The Italian Grand Prix this forthcoming weekend will once again see two separate DRS zones, as we saw earlier this year in Canada.
The difference in Italy, however, is that they will each have individual activation zones for the first time. DRS will be available on the main straight past the pits and on the run down to the Ascari chicane from the second Lesmo.
"It's going to be the usual difficult trade-off between drag and downforce to find the ultimate package for the race," said Jenson Button, who narrowly missed out on a Monza win to Fernando Alonso last year, after a race-long battle.
"Last year, Lewis (Hamilton) and I opted to follow two different paths - Lewis went for the low-downforce configuration and I went for more grip, at the expense of straightline speed. That meant that, although I had the laptime, I didn't quite have the opportunity to mount an attack for the lead, because I couldn't get close enough along the straights to have a go into the braking areas.
"I think things will be a little more mixed-up this year. The first DRS zone is going to be interesting because it's always been very tough to challenge for position under braking for Ascari - the track's pretty narrow and it's a fast entry - so I'll be really interested to see how well DRS will work into that corner. We might see some pretty spectacular moves!

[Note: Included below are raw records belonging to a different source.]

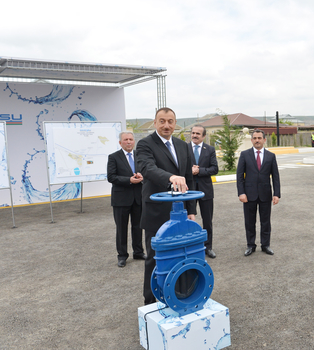 Azerbaijani President attends drinking water pipeline inauguration ceremony in Hajigabul (PHOTO)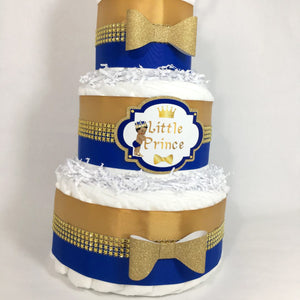 Prince Diaper Cake Centerpiece - Royal Blue, Gold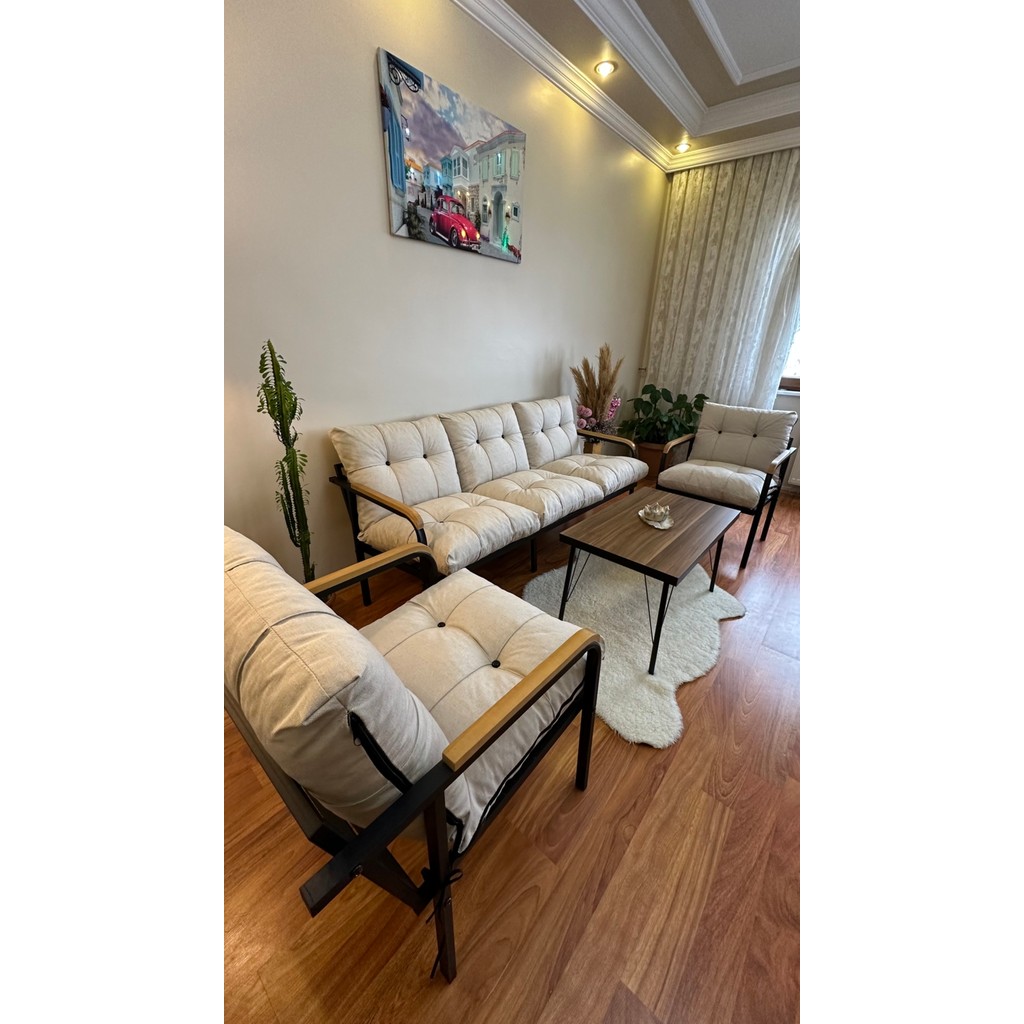 Modern Style Home Modern Kadıköy Balkon, Bahçe, Cafe - Metal Kanepe Koltuk Takımı - 3+1+1+ Sehpa Koltuk Takımı / Seti Fiyatı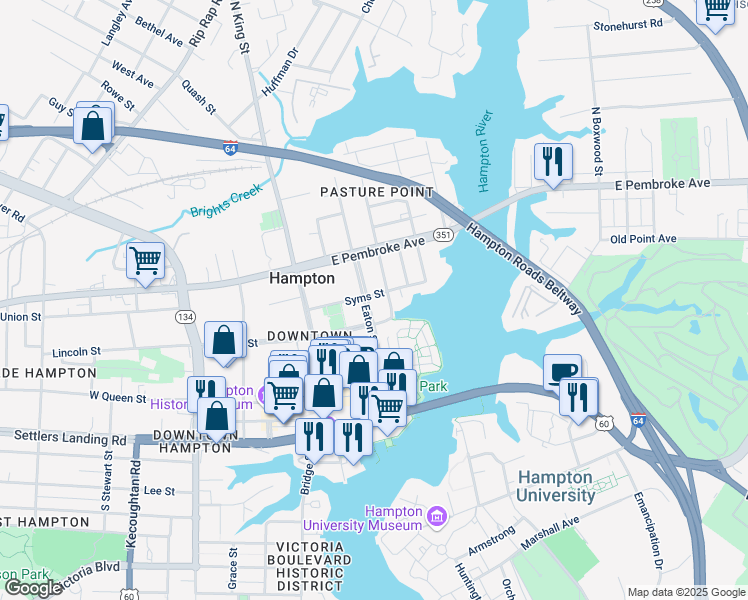 map of restaurants, bars, coffee shops, grocery stores, and more near 296 Eaton Street in Hampton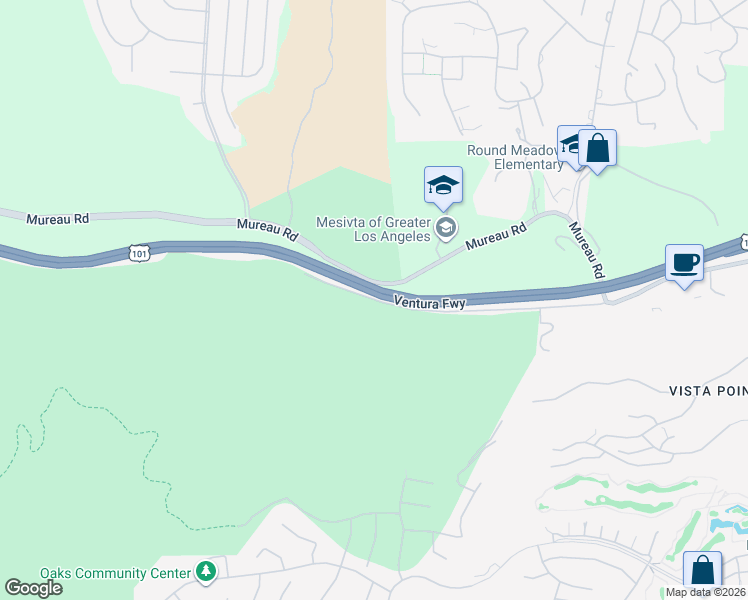 map of restaurants, bars, coffee shops, grocery stores, and more near 25200 Calabasas Road in Calabasas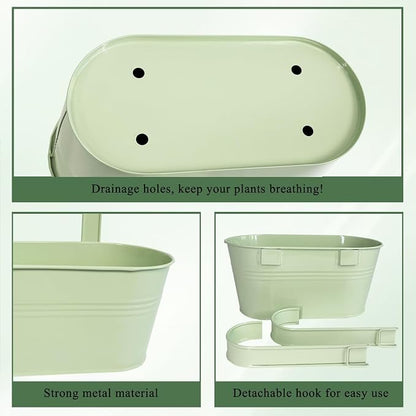 Balcony Hanging Planters Flower Pots, 10" Metal Flower Pots for Outdoor Balcony Rails, Fence Pot Hanging Plant Holders with Detachable Hooks for Garden Patio Yard Decor (Mint Green, 8Pcs)
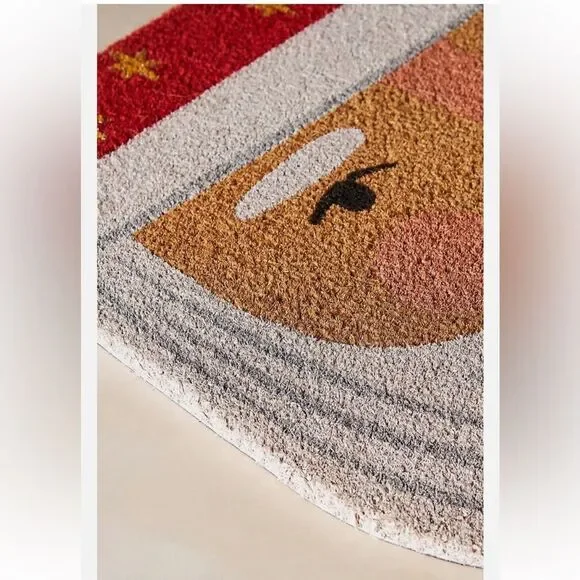 ANTHROPOLOGIE Santa Doormat Santa Claus Christmas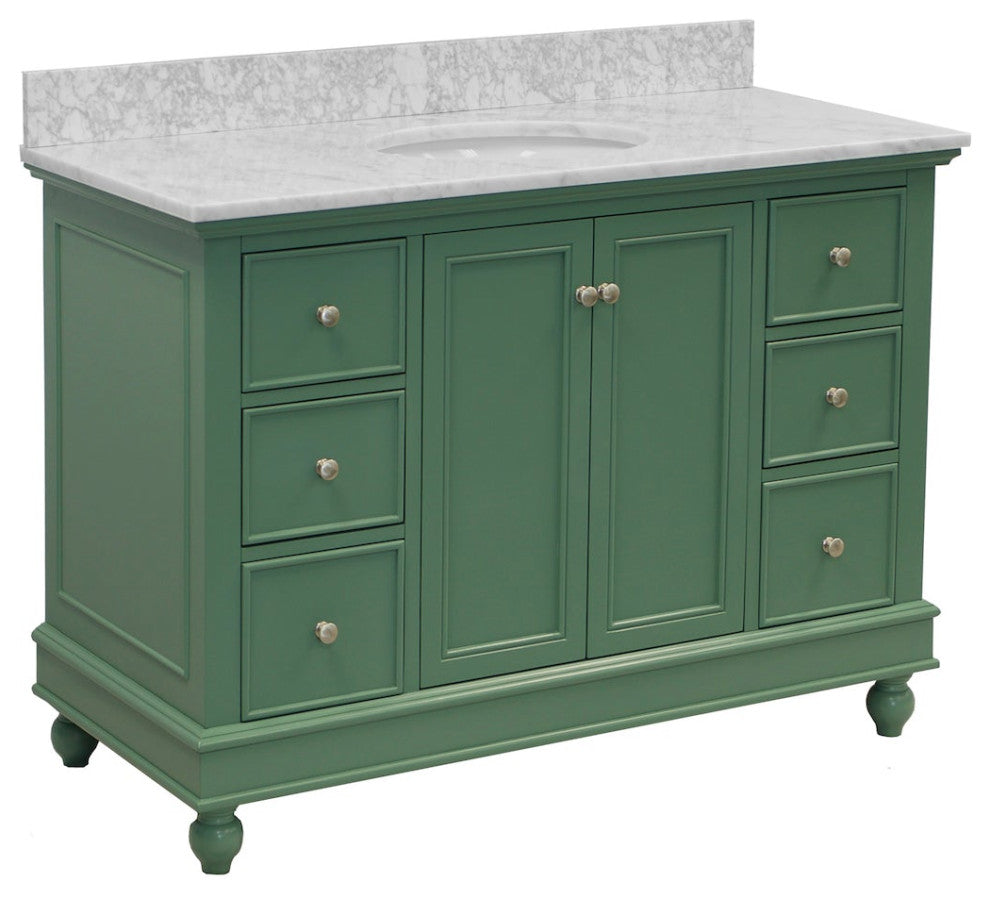 Bella 48" Bathroom Vanity, Sage Green, Carrara Marble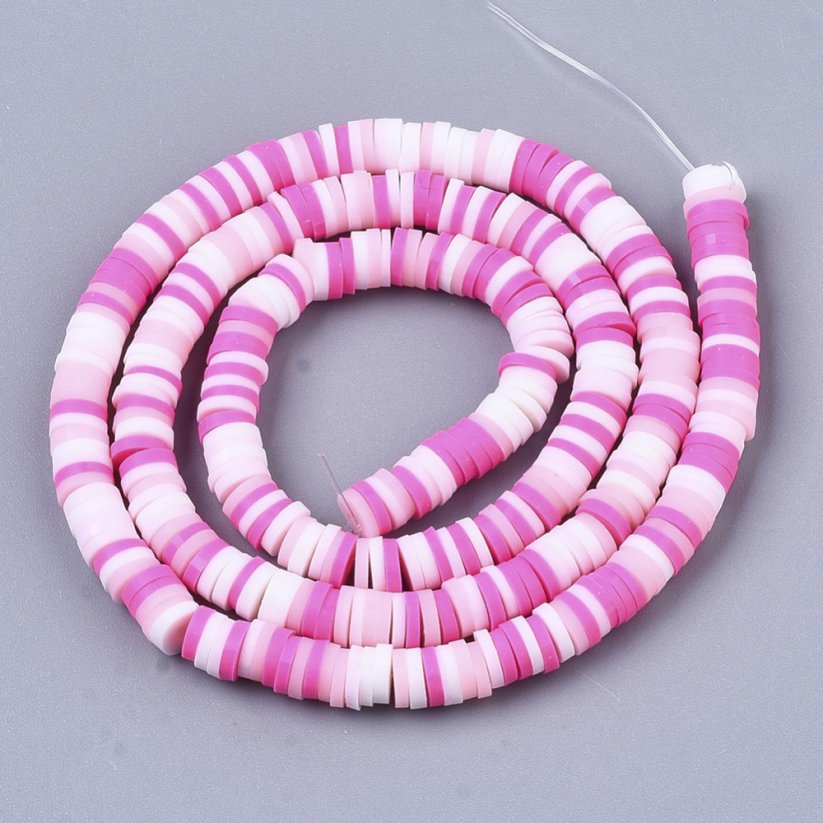 Heishi Polymerperle - weiß und rosa Mix, 4x0,5-1 mm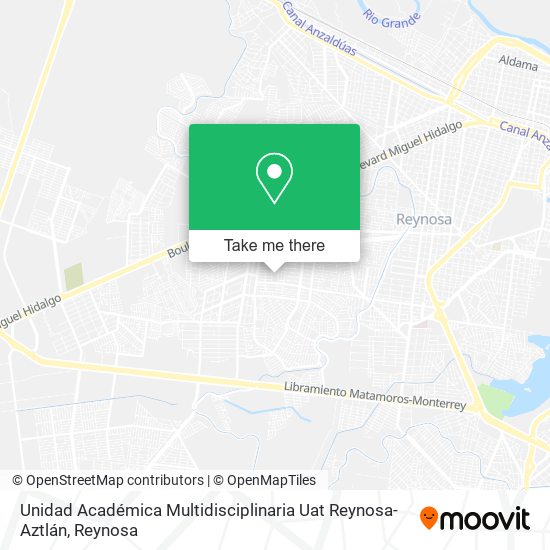 Mapa de Unidad Académica Multidisciplinaria Uat Reynosa-Aztlán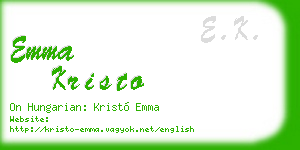 emma kristo business card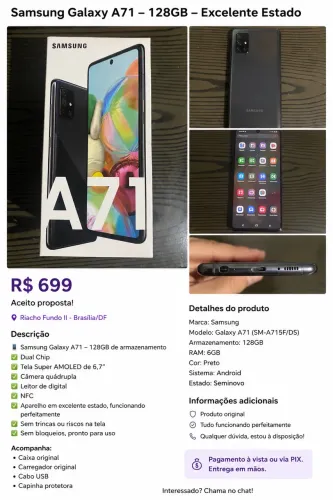 Samsung Galaxy A71 128GB Completo | Excelente Estado | Caixa Original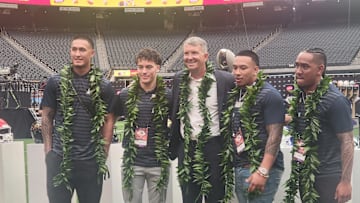 Arizona Wildcats football players (left to right) Tetairoa McMillan, Gunner Maldanado, Coach Brent Brennan, Jacob Manu and Noah Fifita at the Big 12 Conference's Media Day on July 10, 2024.
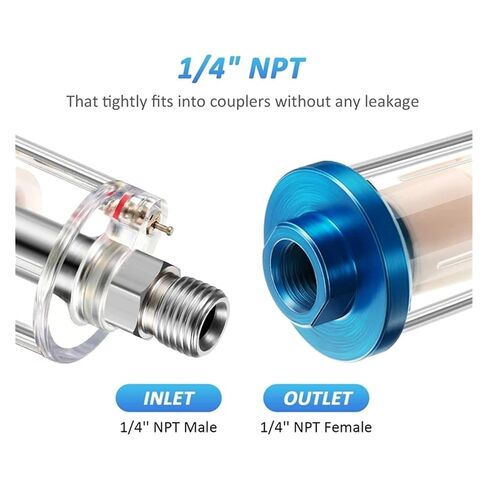 3 Piece Oil Water Separator Filter Gun Filter Moisture Separator for Air Line Compressor Fittings, 1/4" NPT Inlet in Saudi Arabia
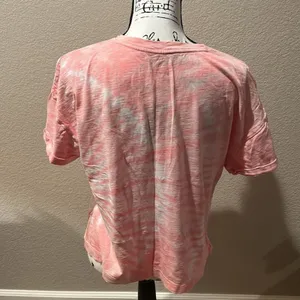 Time n Tru Pink and White Tie Dye Cuffed Short Sleeve Tee Sz M thumbnail 2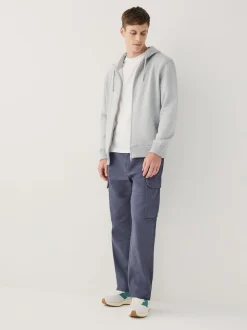 Blue Straight Fit Cotton Stretch Cargo Trousers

"The more conventional passing opportunity will come from the second DRS zone -- getting as close as possible into Parabolica, holding on through the corner, which won't be straightforward, - deploying DRS down the start/finish straight before, hopefully, passing into Turn 1.
"The DRS is going to be a pretty major asset for a following car, and it might shape the race in some really interesting ways."
McLaren team principal Martin Whitmarsh added: "Perhaps it's a bit premature to be discussing the return of the epic 'Monza slipstreamer', but I think the whole team is going to Italy keen to see if DRS will create the sort of exciting and unpredictable grands prix that we either watched or read about when we were younger.
"Selecting gear ratios to cope with the demands of DRS through both qualifying and the race will be tricky. At Spa, the DRS ban through Eau Rouge meant that maximum velocity at the top of the hill was pretty much the same through qualifying and the race. For Monza, there are no limitations, so it will be very different, and getting it right will require a lot of thought and experimentation."